Key Challenge: Iterative propagation accumulates errors, while diffusion-based generation is hindered by "naive priors and slow sampling." The root cause lies in the prior distribution being too far from the target distribution, resulting in long generation trajectories.

Goal: To develop a generative paradigm that avoids iterative propagation, maintains short generation paths, and utilizes spatiotemporal structure.

Key Insight: Flow Matching (FM) is a generalization of diffusion that follows deterministic transport paths without stochastic noise injection or mandatory Gaussian priors. The closer the source distribution is to the target, the shorter the path and the better the generation. Since observed signals themselves carry strong structural information, they can be used to construct a source distribution closer to the target.

Core Idea: Use a Graph Prior obtained via "adaptive spatiotemporal filtering" of observed signals as the source distribution for FM, replacing the Gaussian prior. This reduces transport costs (with theoretical guarantees) and uses a hybrid vector field to model spatiotemporal dependencies.

Method¶

Overall Architecture¶

GiFlow models imputation as a conditional Flow Matching problem. Instead of Gaussian noise, the source distribution is a "Graph Prior" \(\mathbf{X}_\tau\) obtained by filtering incomplete observations \(\mathbf{X}_1^M=\mathbf{X}_1\circ\mathbf{M}\). The target is the complete signal \(\mathbf{X}_1\). These are connected via a linear conditional path. A hybrid vector field \(v_t\) is trained to fit the velocity field from source to target. During inference, an ODE is solved to push the Graph Prior toward the completed result. This pipeline avoids step-by-step propagation, starts near the target, and requires no multiple-sample averaging due to the deterministic input.

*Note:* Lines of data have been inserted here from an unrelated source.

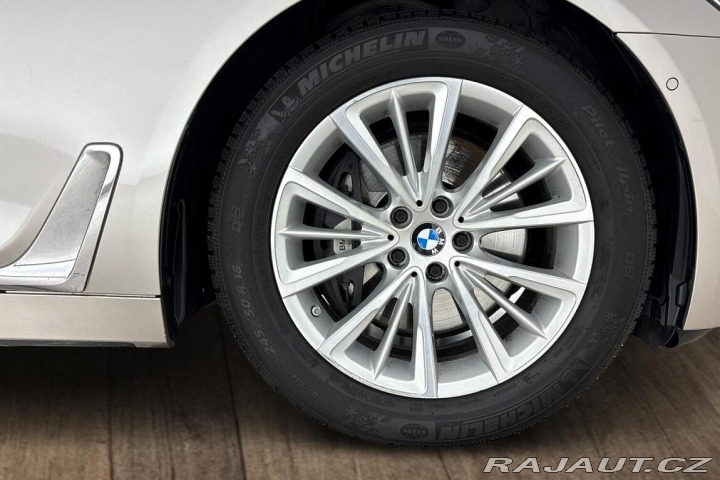 BMW 7 řady 7 | 740i 2016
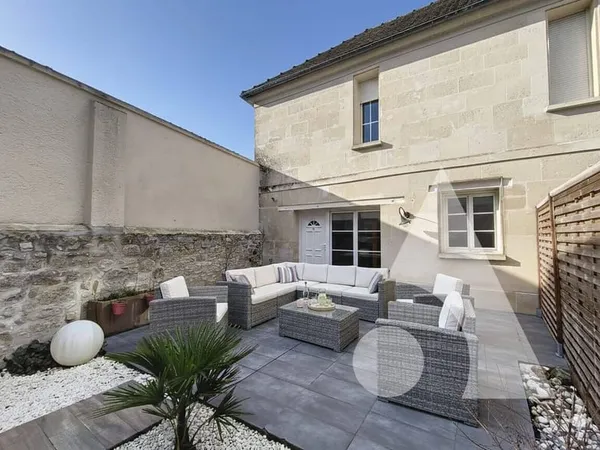 Appartement 3 pièces 51 m² 
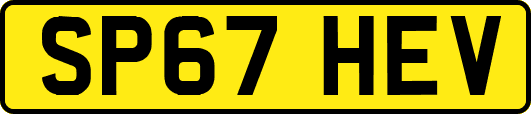 SP67HEV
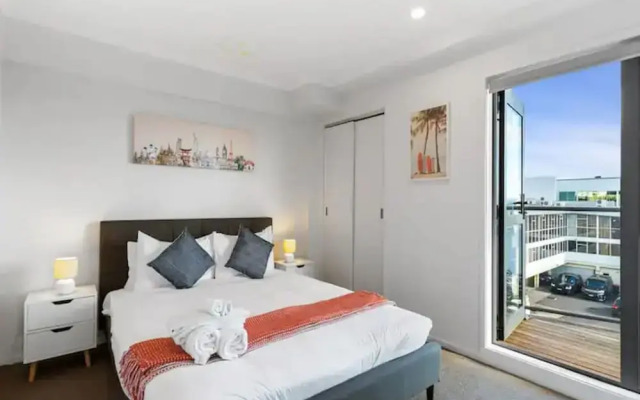 Eden Terrace Two Bedroom Free Parking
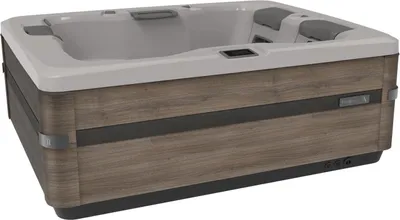 Produktbild von Bullfrog Spas A5L Select Whirlpool für 3 Personen 213x173x79cm Ebony / Timber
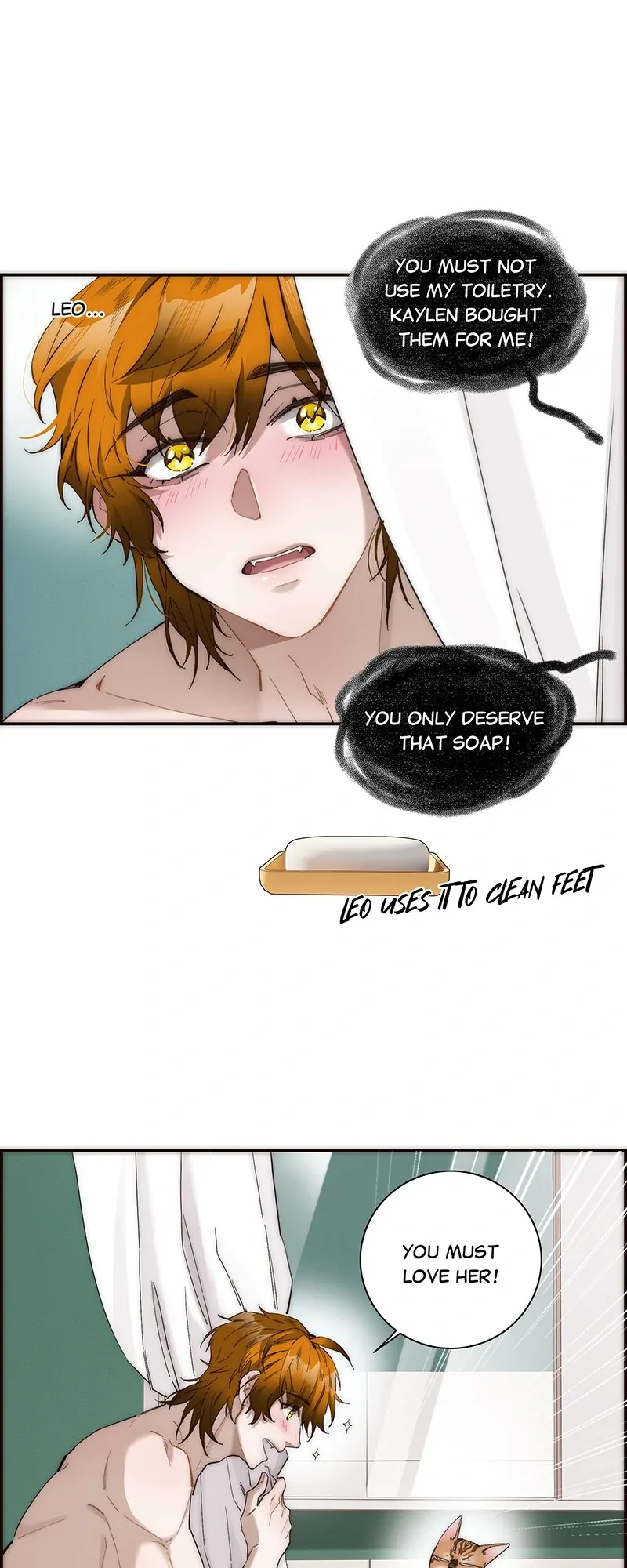 My Benefactor Is Not a Scholar Chapter 11 page 9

%%{init: {'flowchart': {'rankSpacing': 24, 'nodeSpacing': 28, 'padding': 6, 'wrappingWidth': 400}}}%%
flowchart TD
    A["Incomplete Observation<br/>X1∘M"] --> B["ST Filtered Graph Prior<br/>Xτ = e^(-τηLη)·X1^M·e^(-τξLξ)"]
    B --> C["Graph-Informed Linear Conditional Flow<br/>φt=(1-t)X0 + tX1"]
    C --> D["Hybrid Vector Field vt<br/>Spatial Attn + Temporal Attn + ST Propagation"]
    D --> E["Solve ODE along Deterministic Path"]
    E --> F["Imputed Complete Signal X1"]

Key Designs¶

1. Spatiotemporal Filtered Graph Prior: Creating a starting point close to the target

This is the core contribution. Treating vectorized observations \(\mathbf{x}_1^M=\text{vec}(\mathbf{X}_1^M)\) as signals on a spatiotemporal graph (the Cartesian product of space and time graphs), the spatiotemporal filter is defined by the Kronecker sum of the spatial Laplacian \(\mathbf{L}_\eta\) and temporal Laplacian \(\mathbf{L}_\xi\): \(\mathbf{L}_{\eta\xi}=\tau_\xi\mathbf{L}_\xi\oplus\tau_\eta\mathbf{L}_\eta\). The filtered signal \(\mathbf{x}_\tau=e^{-\mathbf{L}_{\eta\xi}}\mathbf{x}_1^M\) is expressed in matrix form as:

\[\mathbf{X}_\tau=e^{-\tau_\eta\mathbf{L}_\eta}\,\mathbf{X}_1^M\,e^{-\tau_\xi\mathbf{L}_ \xi}.\]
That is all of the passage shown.